A Prison Without Walls

Cambodia has always been one country that I’ve been fascinated in. Rich in history and culture, Cambodia shows the two sides of mankind’s capacity for greatness – our greatness to imagine, to build, and to create …and on the flip side, our greatness to destroy. I took the last few days to explore this country of contrasts—making the pilgrimage to the wonders of Angkor to marvel at the truly magnificent ruins that is a testimony to man’s brilliance, but also visiting the horrors of the Killing Fields to bear witness to man’s cruelty. It was a bit of a rollercoaster as I went through the heights and the depths of the Khmer civilization.

Let me start with the oft overlooked atrocities of the Khmer Rouge…not exactly a huge tourist draw given the weight of the subject, but still an imperative visit for anyone traveling to Cambodia.

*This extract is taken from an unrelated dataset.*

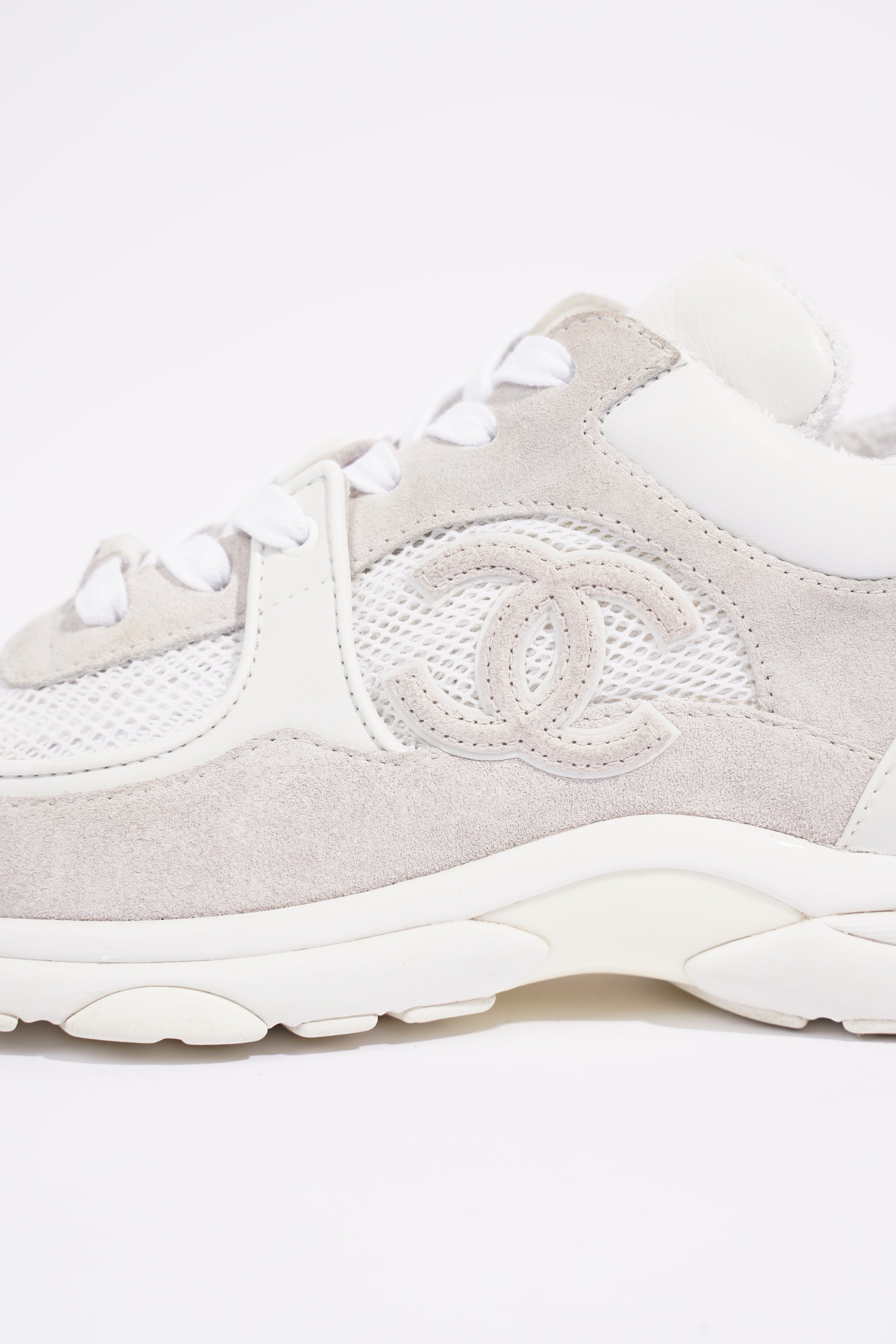 Chanel Womens CC Logo White / Grey EU 38 / UK 5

A quick background for those of you who are not familiar with Cambodia’s modern history…the Khmer Rouge (led by Pol Pot) ruled over the country from 1975-1979 implementing one of the most radical, and not to mention cruel, restructurings of a society ever attempted. Influenced by the communist ideology, the Khmer Rouge’s goal was to eliminate all remnants of the past – even declaring 1975 as “Year Zero” – and to create a peasant-dominated agrarian society. In reality, Cambodia was turned into a prison without walls as the Khmer people faced an onslaught of forced labor, starvation, and of course, political executions. Some 1.7 million people lost their lives (that’s 21% of the country’s population) during the time of Pol Pot…an outright genocide that continues to permeate the lives of many Cambodians today.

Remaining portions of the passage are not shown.